How the Lebanese can secure their country’s future

Khaled Abou Zahr

This week marked the 20th anniversary of the passing of my father, Walid Abou Zahr, the founder of Al-Watan Al-Arabi. During his lifetime as an engaged Lebanese media owner and publisher, he faced more than eight assassination attempts.
Starting from Lebanon, where the office of the newspaper Al-Moharrer was attacked with heavy artillery, these attacks culminated with a car bomb attack on the offices of Al-Watan Al-Arabi in Paris in 1982. In the end, it was cancer that claimed his life in 2004, one year before the same patrons that had targeted him unleashed a ruthless and systematic assassination scheme across Lebanon, including the assassination of former Prime Minister Rafik Hariri in February 2005.

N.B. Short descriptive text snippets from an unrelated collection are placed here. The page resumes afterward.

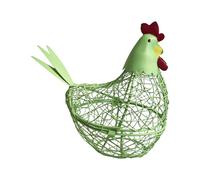 Panier de collecte d'œufs - Support décoratif de cuisine - Porte-œufs de poule en forme de poule - Pour jardin, jardin, jardin, jardin, Pâques, fruits, légumes, collation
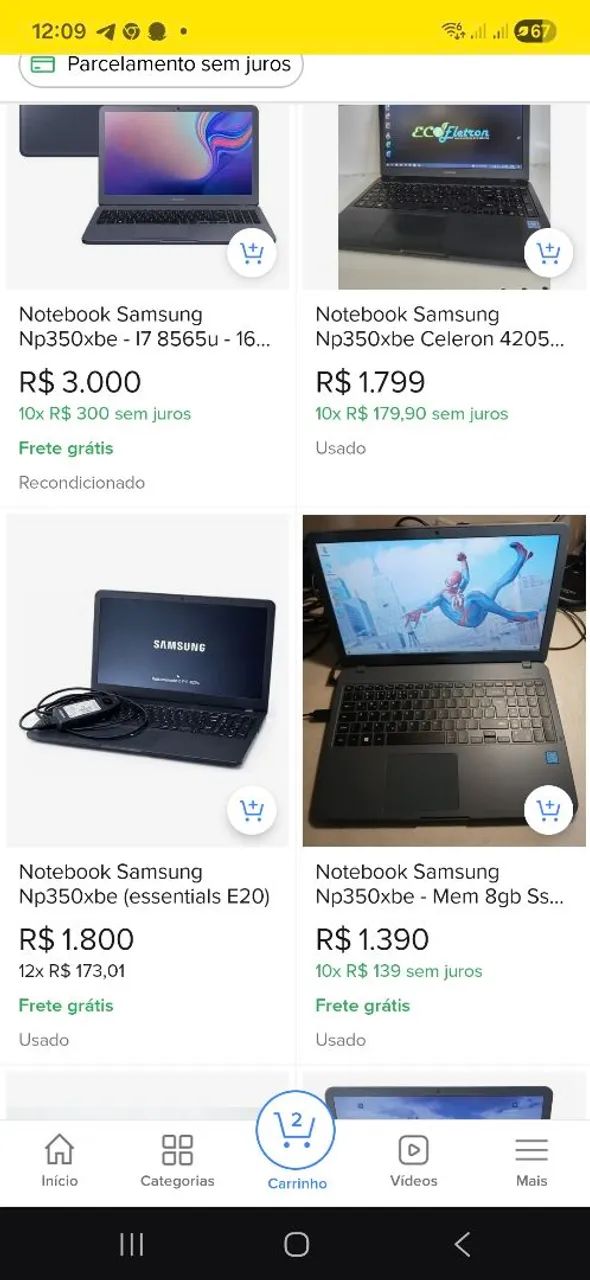 3 notebooks no preço para levar 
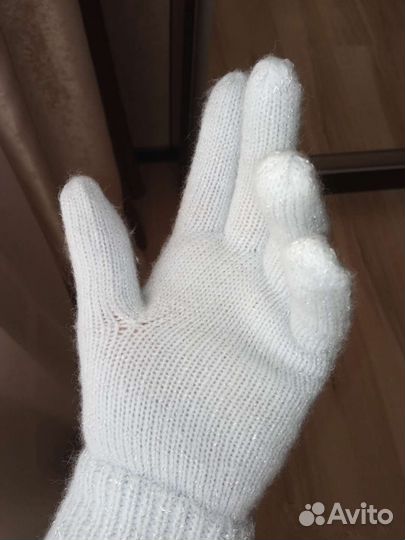 Шапка и перчатки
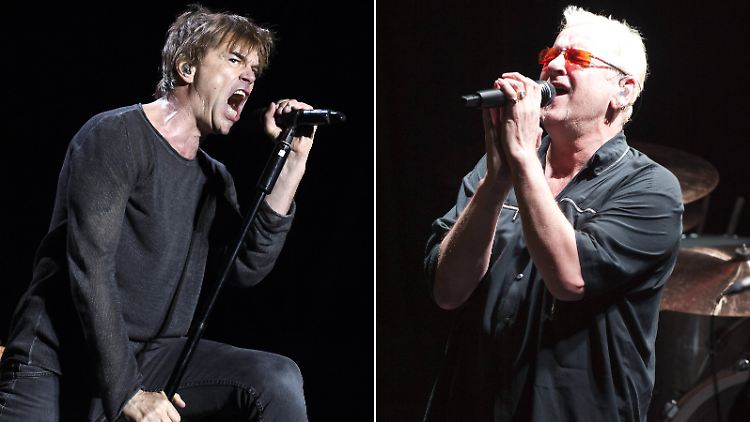 Sangen gemeinsam: Toten-Hosen Frontmann Campino (l.) und der frühere Drummer der Band Wolfgang "Wölli" Rohde.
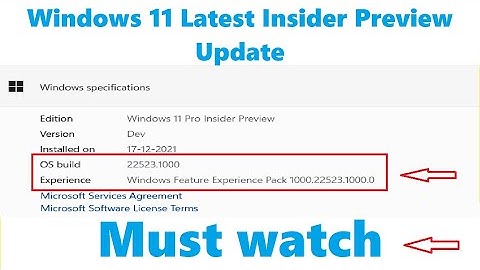 Windows 11 Build Insider Preview 22523 update || Must watch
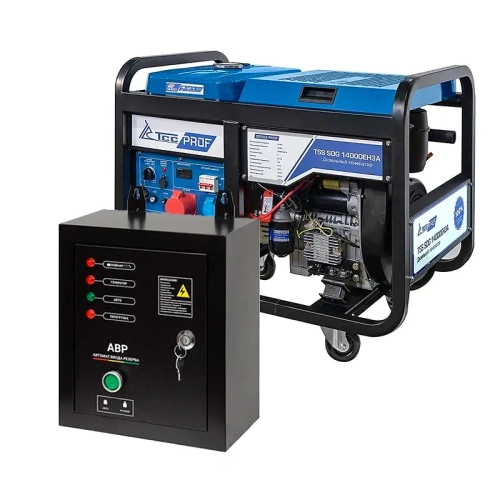 ТСС SDG 14000EH3A дизель генератор с блоком АВР ТСС АВР-С 14000D/230/400 100140/190095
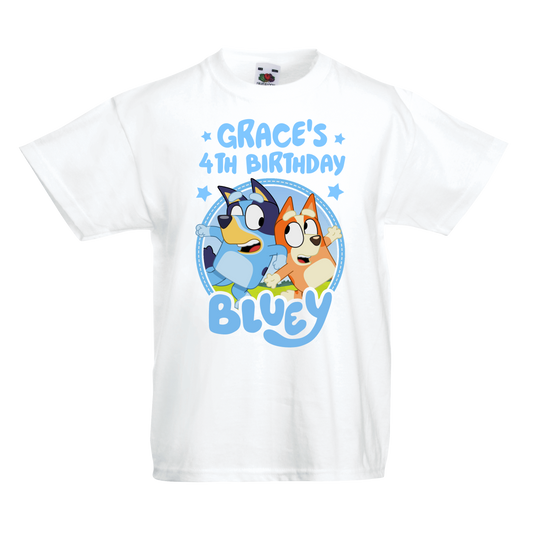 Bluey Birthday T-Shirt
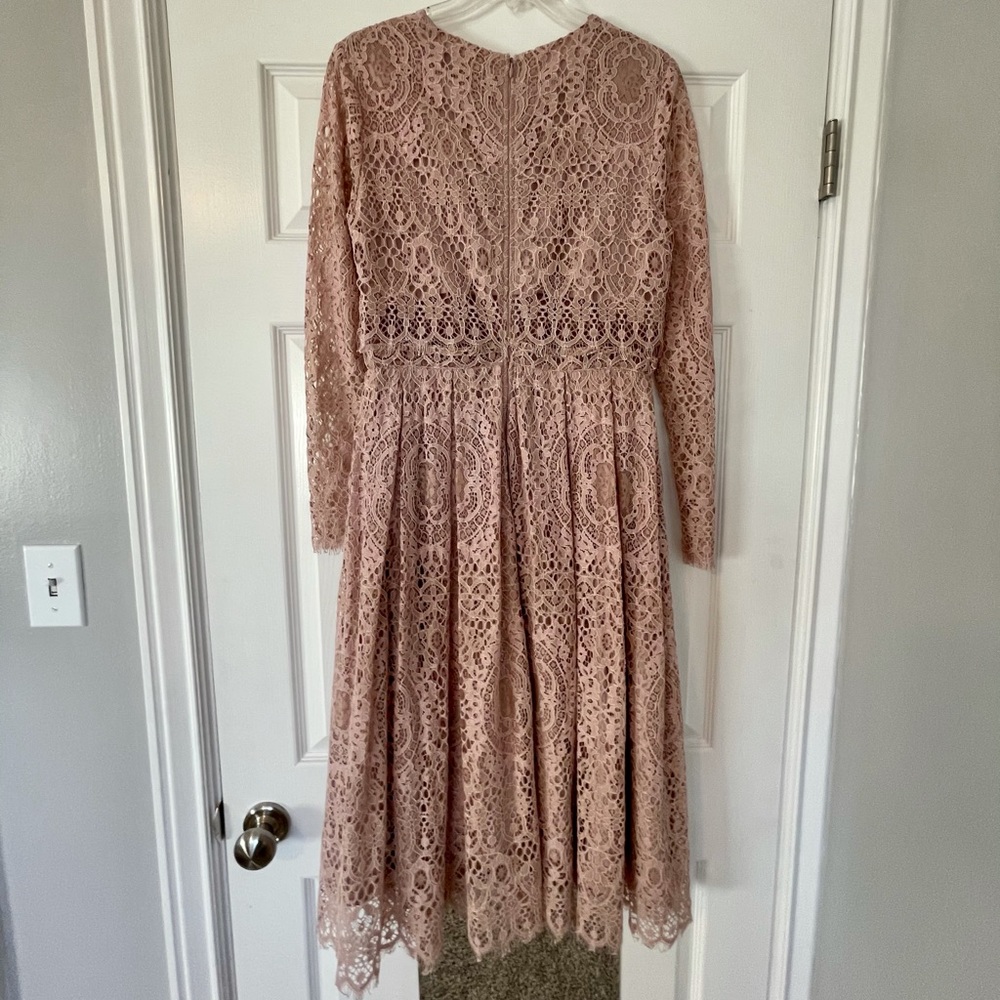Blush Pink Lace Dress
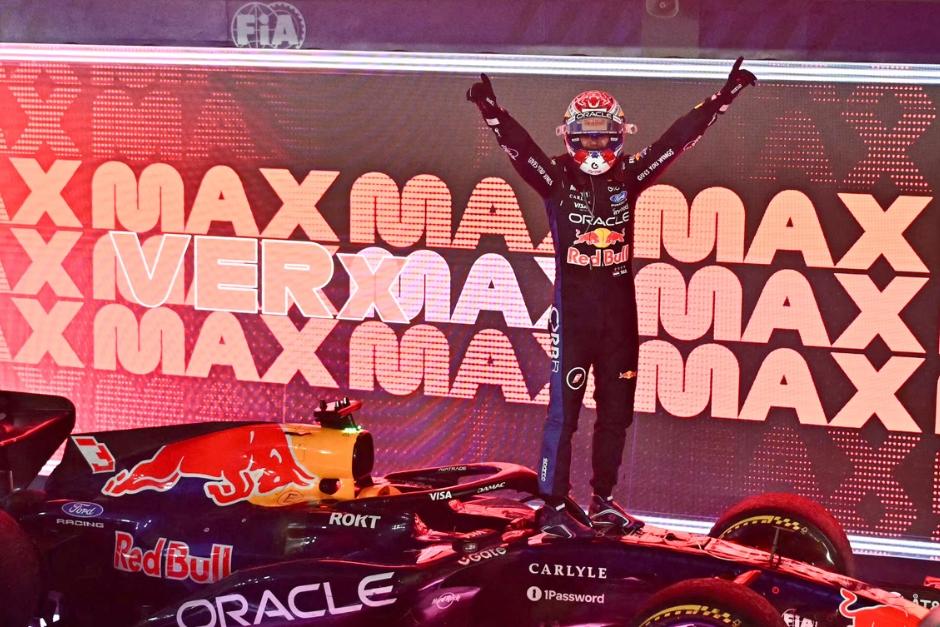 El neerlandés volvió a liderar el podio en este exigente circuito de Singapur. (Foto: AFP)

If I were to name all the presidents, prime ministers, politicians, journalists, lawyers, judges and thinkers who fell victim to these evil forces in Lebanon throughout this time, it would probably take up the entire space of this article. Has anything changed in the last 40 years? Unfortunately, the answer is no. Only last week, Pascal Suleiman, a coordinator for the Christian Lebanese Forces party in the Byblos region, was abducted and later discovered dead.
According to the army, he was murdered in a carjacking by members of a Syrian gang, who then transported his body across the border. At the funeral, tearful tributes and anger pushed mourners to express their doubts about the army’s explanation. The insecurity and the dreadful current situation have blurred the lines and made killings easier. Moreover, Hezbollah has bullied and eroded every single sovereign institution.

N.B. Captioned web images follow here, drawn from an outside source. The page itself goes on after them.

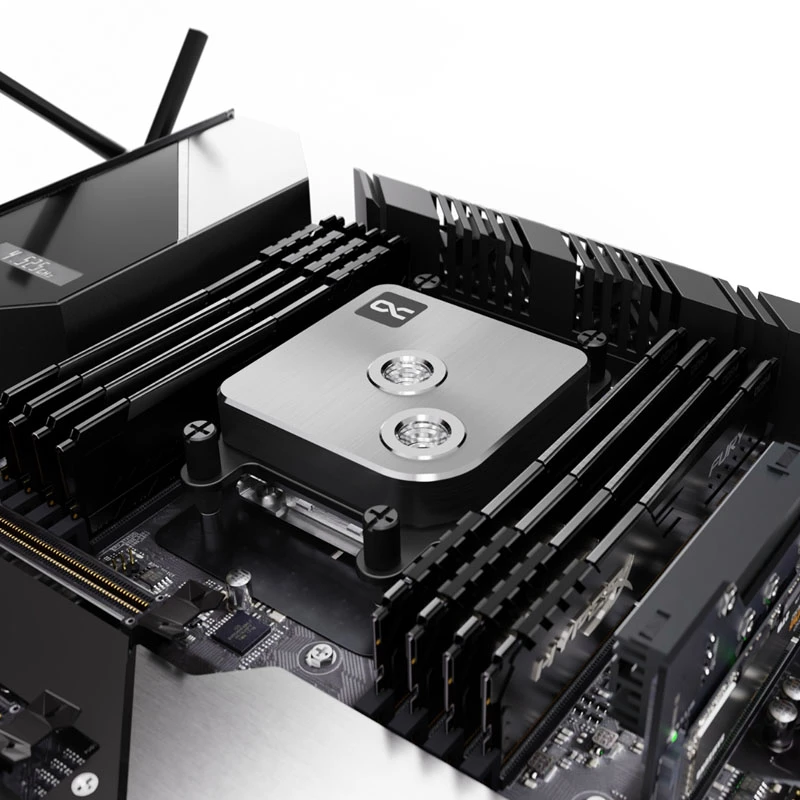Alphacool Core 1 13444 CPU-Wasserkühler, LGA1700/LGA1851/AM4/AM5, silber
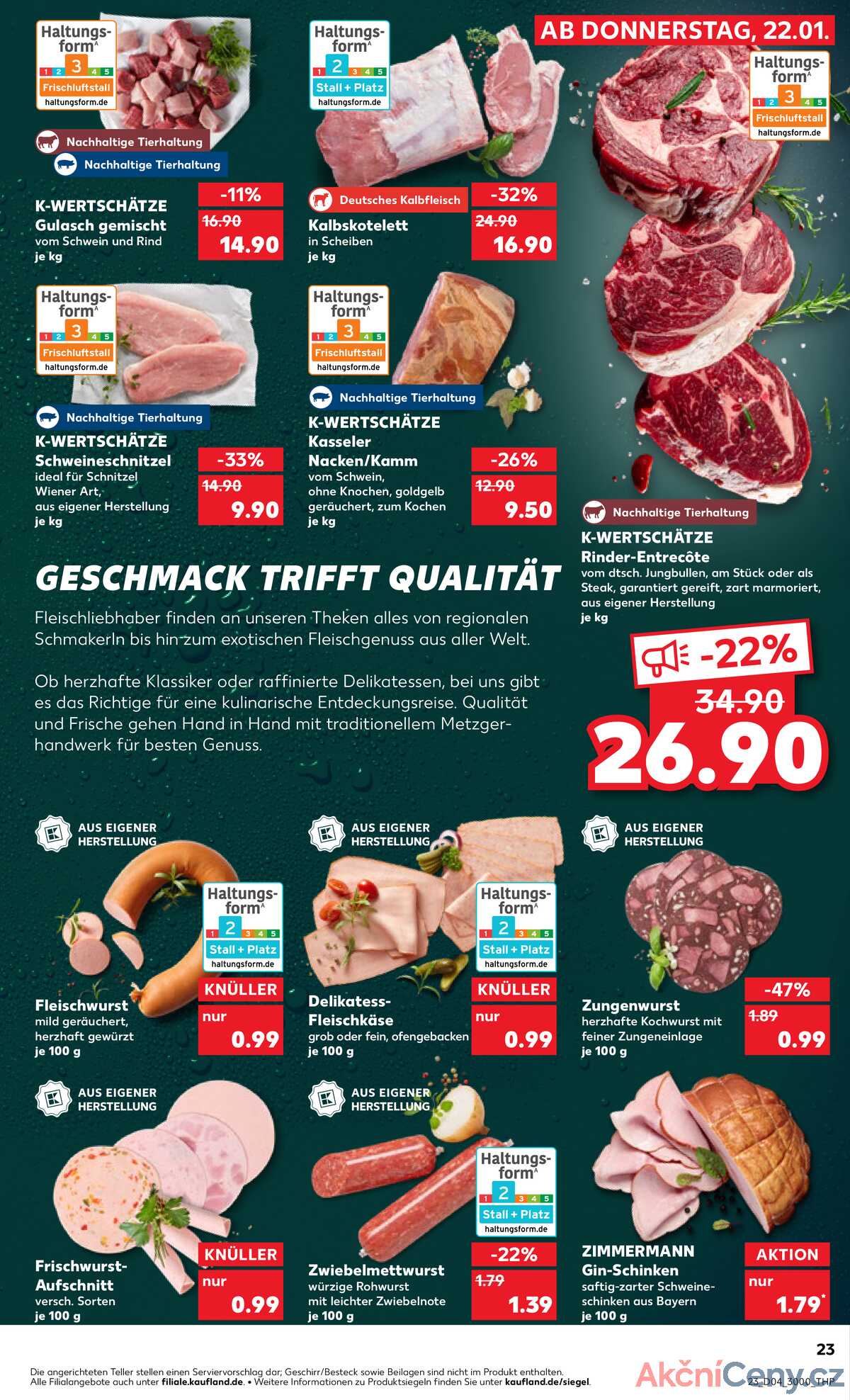 Leták Kaufland Německo 25.1.-28.1.2026 strana 23
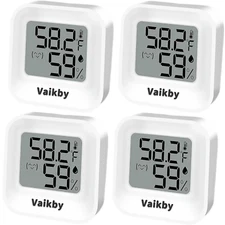 4 Pcs Digital Hygrometer Indoor Mini Thermometer Humidity Meter Room Monitor ℉/℃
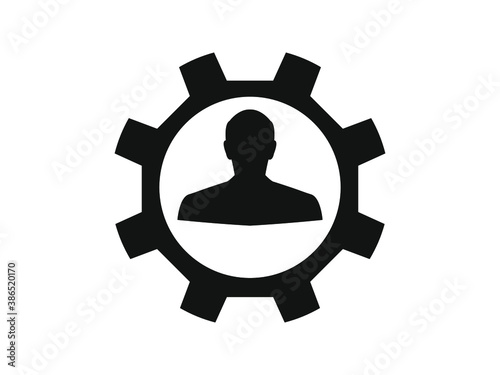 man, gear icon vector illustration eps10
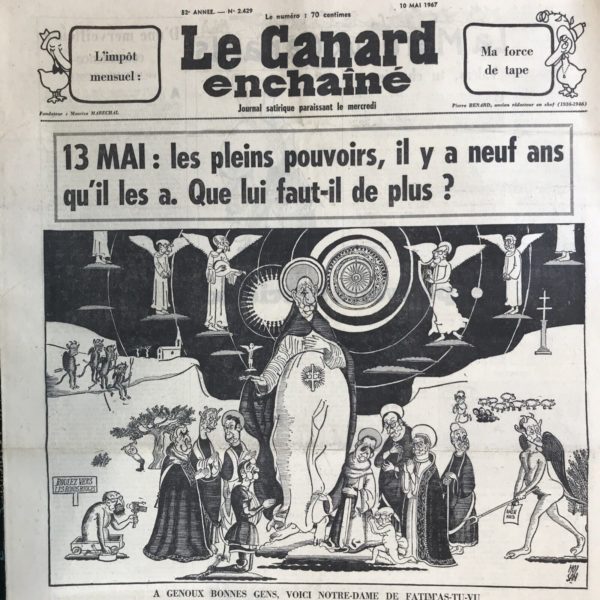 N° 2429 du Canard Enchaîné -  10 Mai 1967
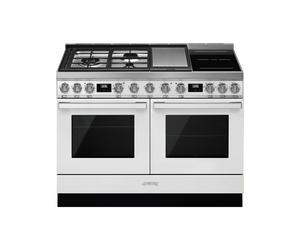 Cocina Combinada 120 cm Smeg Portofino Horno Eléctrico / Placa CPF120IGMPWH Blanco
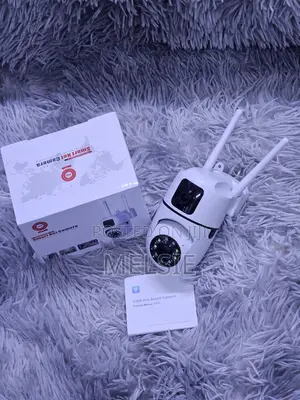 Smart V380 Wall Mount WiFi Dual Lens CCTV Camera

The interior minister called for an open investigation. Unfortunately, the reality is that the Interior Ministry, just like the army, is incapable of taking action and this investigation will be buried like all those before it. Can anyone stop a new wave of political assassinations from taking place today? Once again, the answer is no.
One thing is clear every time the regional equilibriums are put to the test: the Lebanese pay the price. Usually, they say that whenever a politician faces pressure on the domestic front, he looks for an international crisis to get him out of it. In Lebanon, it is the opposite. Every time the region faces a crisis, the Syrian regime or Hezbollah will target the domestic scene and hit it harder than ever.
We are now in one of those dangerous cycles. As tensions between Israel and Iran and its proxies heat up, Lebanon is at risk of being dragged into the confrontation. It is once again the hostage in a situation where it is being unwillingly anchored to the Iranian regime’s aggressive policies, which it carries out through Hezbollah. Although I think both countries are looking to avoid a full confrontation in a US presidential election year, mistakes do happen.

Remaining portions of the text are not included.